Los aeropuertos españoles llevan años siendo los primeros de Europa en tráfico de pasajeros y los últimos en aprovechar el suelo que los rodea. Hay hoteles cerca de Barajas, cerca de El Prat, cerca de Málaga. Cerca… aunque no dentro. El viajero que pierde el último vuelo o que tiene conexión de madrugada tiene dos opciones: pagar un taxi para dormir en un hotel en las cercanías, esperar un transfer en furgoneta/minibus o intentar acomodarse en una silla de la terminal. El concepto del hotel aeroportuario, una infraestructura de hospitalidad integrada que cualquier hub europeo de segunda fila tiene desde hace décadas, sencillamente no existe en España.
La historia de por qué tiene un sabor amargo
En 2007, Aena adjudicó la construcción de un hotel junto a la T2 de Barajas al grupo Barceló y la constructora Sampol. La estructura llegó a levantarse. Luego vino la crisis, los litigios, la parálisis. El esqueleto recordaba a la historia del hotel del Cabo de Gata: ni abrió, ni se ha derribado. En 2019, Aena ganó la demanda y Sampol tuvo que demoler lo que había construido. Quince años perdidos, una estructura levantada y derribada, y el solar vacío como testigo silencioso de lo que pudo ser.

Ahora, casi veinte años después de aquel primer intento fallido, Aena ha relanzado el proceso. En octubre de 2025 licitó dos hoteles: uno junto a la T2 de Barajas y otro frente a la T2 de El Prat, ambos bajo derecho de superficie a 75 años. El pasado 12 de mayo, con las ofertas ya sobre la mesa, la empresa mejor posicionada en Madrid es Barceló Arrendamientos Hoteleros, con una aportación de 26,25 millones de euros y un canon variable del 19%. En Barcelona, Momentum Velázquez (de la mano de Hyatt) ofrece 9,1 millones y un canon del 10,6%. La adjudicación definitiva llegará en el próximo Consejo de Administración. Sí, Barceló: la misma empresa que en 2007 estuvo a punto de construir el primer hotel de Barajas. El sector tiene memoria larga.
El proyecto se enmarca en un concepto más ambicioso al que Aena llama «ciudades aeroportuarias»: desarrollar los terrenos adyacentes a sus grandes hubs con usos logísticos, de oficinas y hospitalidad. Es, en el fondo, lo que aeropuertos como Changi, Schiphol o Frankfurt llevan haciendo desde los años ochenta: entender que el aeropuerto no es solo una infraestructura de paso, sino un generador de valor inmobiliario. Un destino en sí mismo.
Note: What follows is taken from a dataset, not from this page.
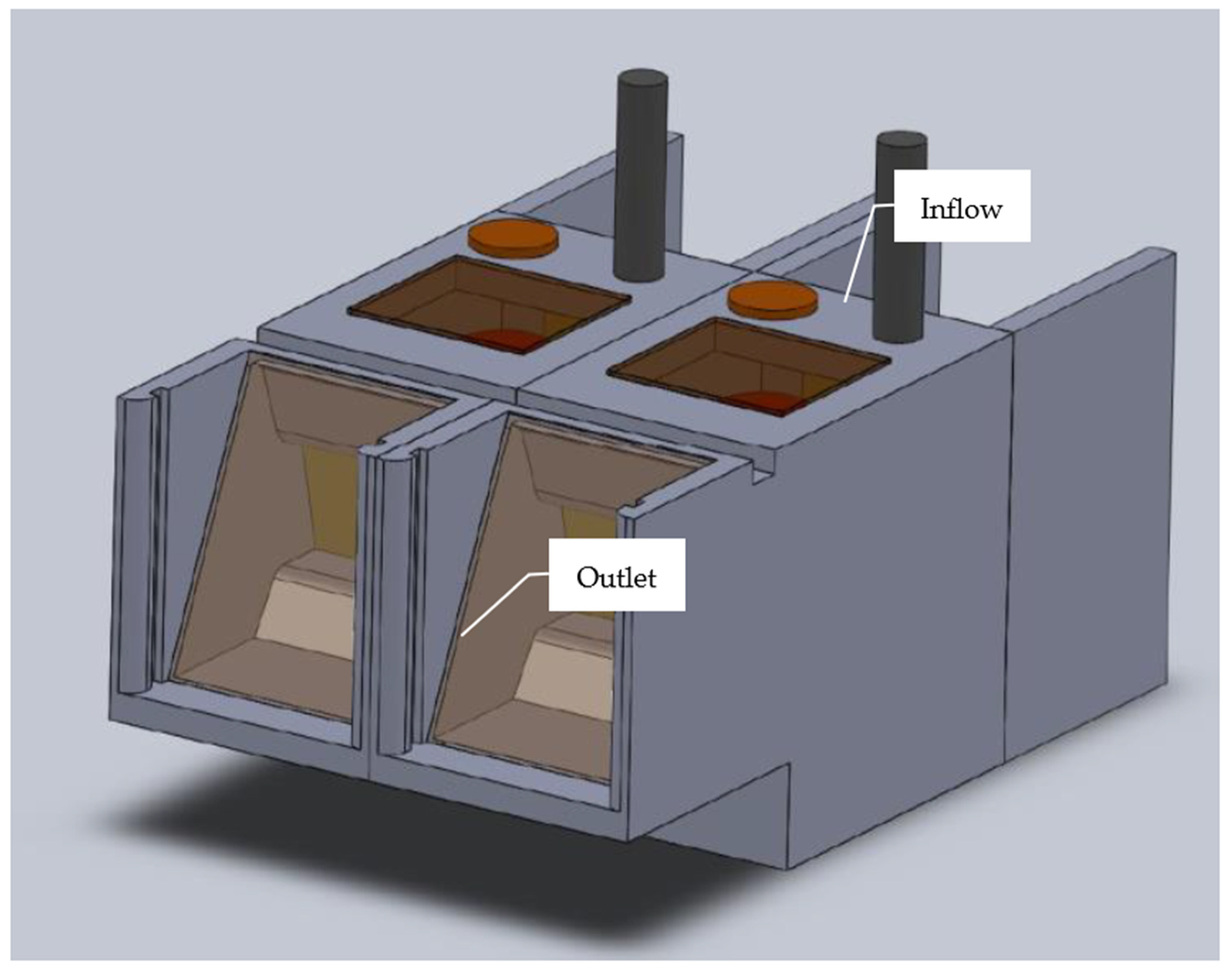 Energies 15 01275 g002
Los números avalan la estrategia. Aena cerró el 2024 con ingresos comerciales creciendo muy por encima del tráfico de pasajeros. Sus servicios VIP (salas, fast track, air rooms) pasaron de 79 millones de euros en 2019 a más de 150 millones en 2024. La lógica es la misma que la del hotel: hay viajeros dispuestos a pagar por confort, privacidad y tiempo. El aeropuerto que sabe vendérselo multiplica su valor por pasajero. El que no lo hace, solo cobra por aterrizar o por el retail.
Singapur-Changi lo entendió hace cuarenta años. Amsterdam-Schiphol también. España llega tarde, pero llega. Y si esta vez el hotel se construye de verdad (y todo indica que sí), habrá merecido la espera.